Il faut profiter du surplus de réalisme ambiant pour avancer.
Revue Conflits —Dans ce contexte tendu, quelle est selon vous la politique étrangère que devrait imaginer le Liban pour être un acteur incontournable à l’échelle régionale ?
Alain Bifani —Si la diplomatie du Liban des dernières décennies a été contrainte par les ingérences diverses, c’est le moment de reprendre l’initiative. Ce qui s’impose de manière évidente à notre politique étrangère, ce sont les dossiers qui nous concernent directement, comme le conflit palestino-israélien et la situation en Syrie, avec leurs conséquences sur la scène locale. Nous avons aujourd’hui la possibilité de lancer une diplomatie décomplexée et pragmatique, et qui doit surtout être apaisée par rapport des facteurs internes qui nous divisent, loin de toute exacerbation des conflits intralibanais. Le Liban a la possibilité d’être actif vis-à-vis de l’évolution de la situation palestinienne, de contribuer à plus de cohésion arabe, et de favoriser des apaisements régionaux – même jusque dans la région du golfe arabo-persique – via des relais internes ayant des relations privilégiées avec les uns et les autres, si tant est que sa diplomatie s’impose par sa portée nationale et non factieuse.

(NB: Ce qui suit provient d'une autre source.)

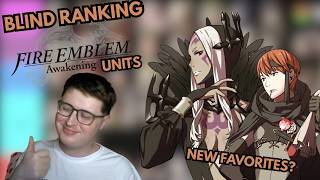 BLIND RANKING FIRE EMBLEM AWAKENING UNITS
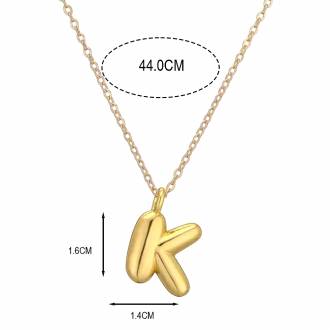 Γυναικείο Ατσάλινο Κολιέ Μονόγραμμα K - Women's Steel Necklace Monogram K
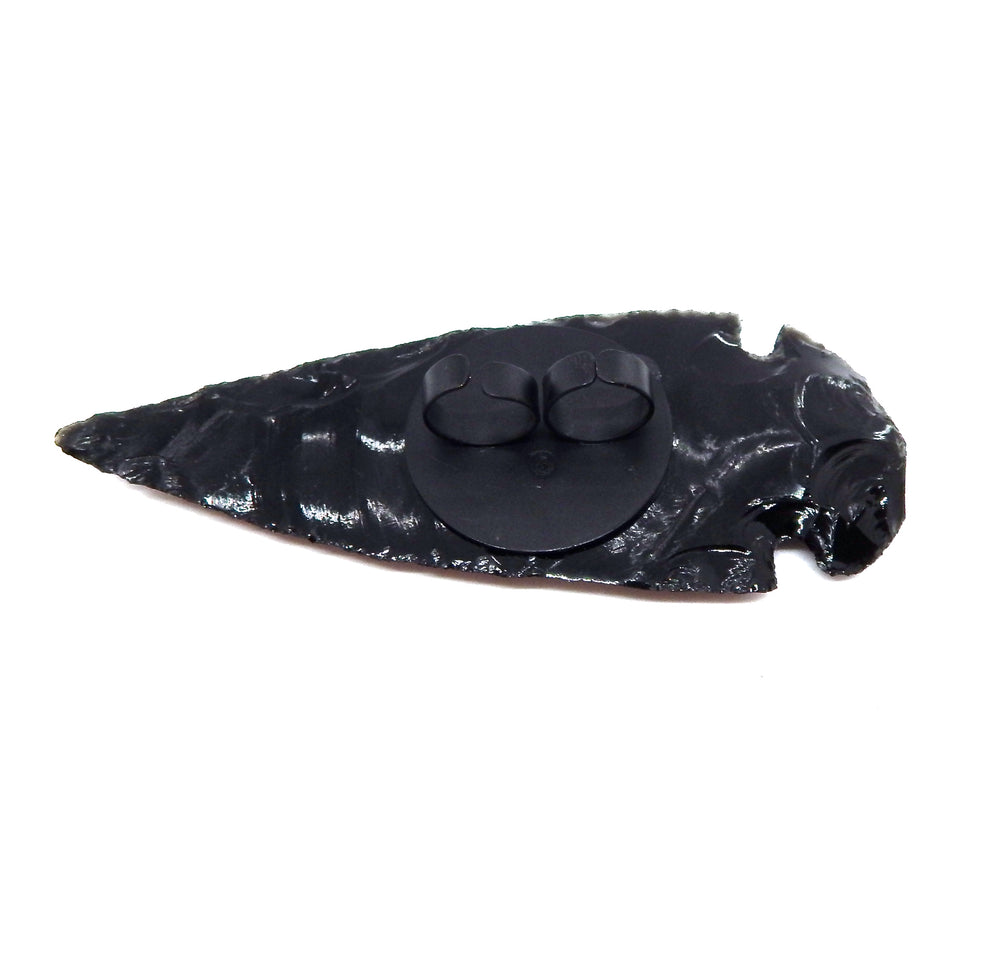 KILL DEVIL HILLS DRAGON GLASS XL BLACK ARROWHEAD RING
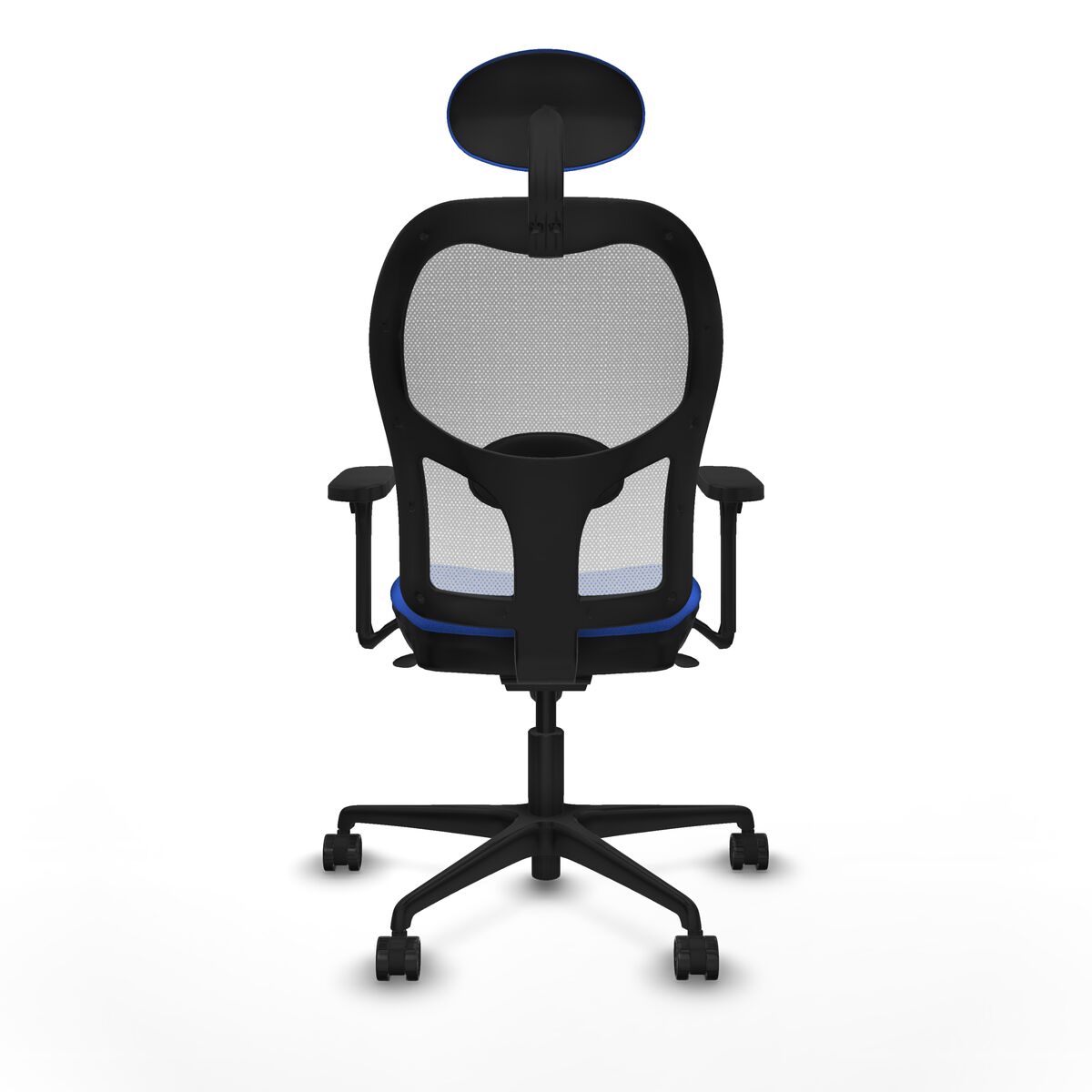 Silla de Oficina con Cabecero Piqueras y Crespo 3D036N1 Azul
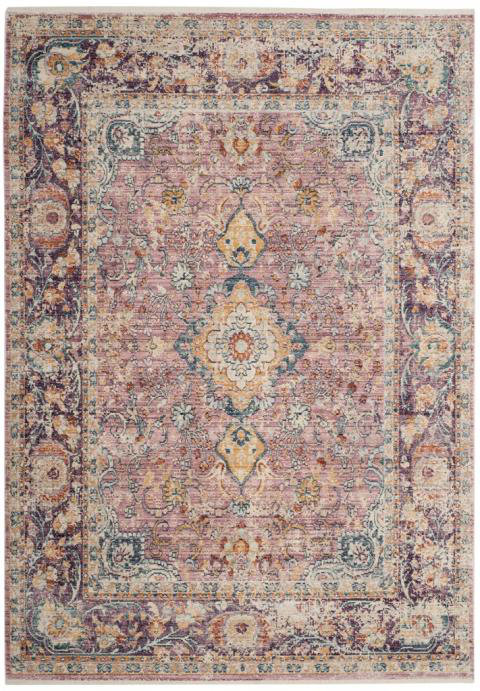 Auerbach Oriental Viscose Area Rug, Rectangle 183 x 274 cm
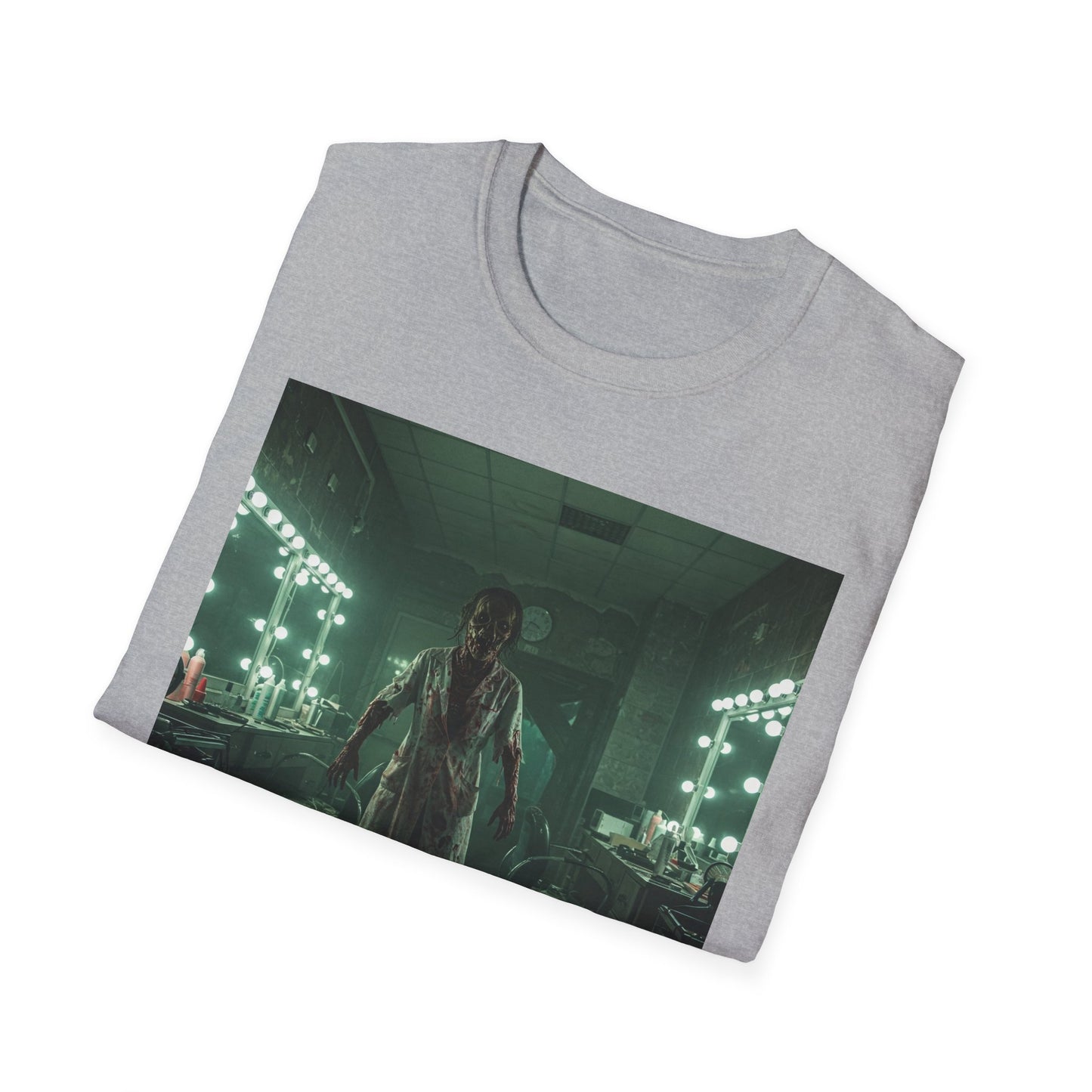 Creepy Horror Unisex Softstyle T-Shirt - Perfect for Halloween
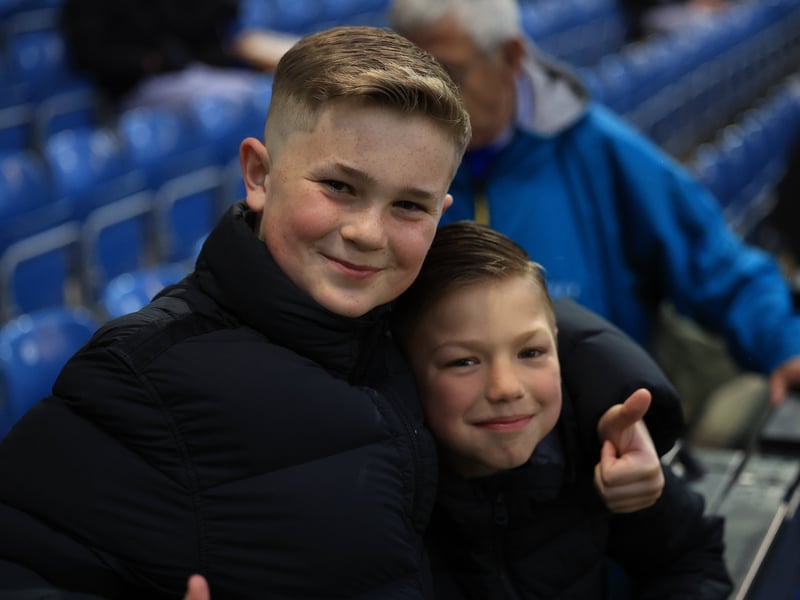 Brilliant photos of jubilant Pompey faithful celebrating triumph over Ipswich Town under the lights at Fratton.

Notre politique étrangère ne peut être qu’une politique d’apaisement, ce qui contribuerait à nous libérer de notre statut de caisse de résonance (la formule est de Georges Corm) de la région, et à apaiser nos tensions internes. Quand nous étions encore pratiquement au ban des nations et que le partenariat de Deauville avait été lancé dans la foulée des révolutions arabes, j’avais présenté la candidature du Liban à la BERD pour briser l’étau et nous faire admettre dans le cercle, et ça avait parfaitement marché alors que notre diplomatie était malade, ce qui prouve qu’en prenant l’initiative sur des sujets précis, on peut faire avancer sa cause. Aujourd’hui, nous sommes en situation bien plus favorable et il serait temps pour nous de nous remettre à exister sur la scène régionale et internationale, avec pour relai une diaspora exceptionnelle aux quatre coins du monde.